Posted by Dave on September 9, 2014
I spend a lot of my life dealing with really small details. My entire work life is spent analyzing and reviewing numbers and coming to conclusions which I report on and defend to my employer. I enjoy this kind of detailed work, which I feel achieves something at the end of the day, solving number puzzles and coming to conclusions based on the evidence I reviewed. My financial plan is much less detailed, but still entails (at least the planning level) quite a bit of minor details.
This past week, I spent 4 days in the bush with 8 other guys. Over these 4 days, I was up to 40 kilometers away from civilization, only reachable by canoes and leg power. I love these trips, which I’ve taken almost every year for the last decade. I seem to always come back to “the world” completely exhausted, but with a much different view on life.

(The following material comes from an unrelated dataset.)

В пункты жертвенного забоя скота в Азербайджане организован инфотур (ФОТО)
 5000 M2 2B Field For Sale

In the bush, everything the 9 of us need for the period we’re in the wilderness, we need to carry on our backs, whether it’s water filtration systems, food, first-aid supplies, or shelter. We hauled seven 70 pound backpacks and 4 canoes on treks between lakes, around waterfalls, and over beaver dams to ensure we could survive in a comfortable manner. This kind of trip forces a focus on the daily event ahead, rather than planning too far into the future, which is the reason I think I love the trip so much. There’s no way I can be overly worried about work, or house stuff, or whether what I’m doing with my money is the best thing I could be doing. All that really matters at the moment, is pulling water with the paddle, or moving the pack with my feet.

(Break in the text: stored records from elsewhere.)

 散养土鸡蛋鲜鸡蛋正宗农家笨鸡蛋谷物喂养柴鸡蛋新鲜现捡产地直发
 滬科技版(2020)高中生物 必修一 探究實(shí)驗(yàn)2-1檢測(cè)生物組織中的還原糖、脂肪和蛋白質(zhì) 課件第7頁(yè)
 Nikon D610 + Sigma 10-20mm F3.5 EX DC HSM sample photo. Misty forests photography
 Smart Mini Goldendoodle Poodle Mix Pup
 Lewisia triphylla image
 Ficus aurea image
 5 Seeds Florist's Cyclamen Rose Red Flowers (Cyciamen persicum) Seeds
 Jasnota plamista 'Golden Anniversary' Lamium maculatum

I’m sure everyone would benefit from some level of rough living, to provide a bit of change of perspective from their everyday life. I live fairly sparsely, when compared to most people in my North American demographic. There is a realization when you have none of that “stuff” around you, or even any use for the vast majority of your worldly possessions that these things you’ve purchased are nothing more than “for fun”. This kind of realization allows for more appreciation of what I do have, and makes me think more about the “Wants” on my list.
It’s trips like these and the realizations that come from them that allow me to maintain my current path towards early retirement. The realization that I don’t need more stuff, I just need to be able to afford the stuff and activities that are most important to me, along with (more importantly) the time to enjoy them.
Is there anything you do that keeps your financial plan in-line?